Roast Cod with Reduced Fat Cheese Rarebit on Green Bean Salad


This is a delicious dish for a special occasion and really straight forward to make. You can also try this cheesey topping on ciabatta bread or chicken breasts. The paste can be kept in the fridge for up to 4-5 days.

Preparation time 10 minutes

Cooking time about 15 minutes


100ml semi-skimmed milk

200g reduced fat hard cheese, grated

25g plain flour

25g fresh breadcrumbs

2 tsp English mustard powder

½ tsp Worcestershire sauce

1 garlic clove, peeled and crushed

ground black pepper

1 egg and 1 yolk

6 skinless cod fillets, each weighing about 150g each

Olive oil spray oil

For the French Bean Salad

1 tbsp olive oil

250g French beans, trimmed and halved

100g, cherry tomatoes, roughly chopped

handful basil sprigs

boiled new potatoes to serve


The cheese ‘rarebit’ can be made ahead of time and stored in the refrigerator for up to 4-5 days.

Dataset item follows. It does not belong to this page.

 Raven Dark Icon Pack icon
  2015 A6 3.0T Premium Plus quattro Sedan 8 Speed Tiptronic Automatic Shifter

1. Preheat the oven to 200°C (400°F) mark 6. Put the milk in a saucepan with the grated reduced fat hard cheese and melt over a very gentle heat. When smooth stir in the flour, crumbs and mustard. Continue to cook, stirring, over a low heat until the mixture is smooth.

2. Add the Worcestershire sauce, crushed garlic and seasoning. Cool, a little before blending or beating in the eggs. Cover until ready to use.

3. Place the cod fillets in a single layer in a shallow, heatproof serving dish and lightly spray fillets with olive oil spray oil and seasoning.

4. Cook uncovered for about 10 minutes or until just cooked. Remove the fish and beat any pan juices into the reserved cheese mixture. Divide the cheese mixture over each fish fillet and place under a hot grill for about 2-3 minutes or until golden and bubbling.

5. Meanwhile, cook the beans in boiling water for 2-3 minutes, drain and add the chopped tomatoes, basil and olive oil, season with black pepper. Serve the fish on the bean salad and accompany with boiled new potatoes.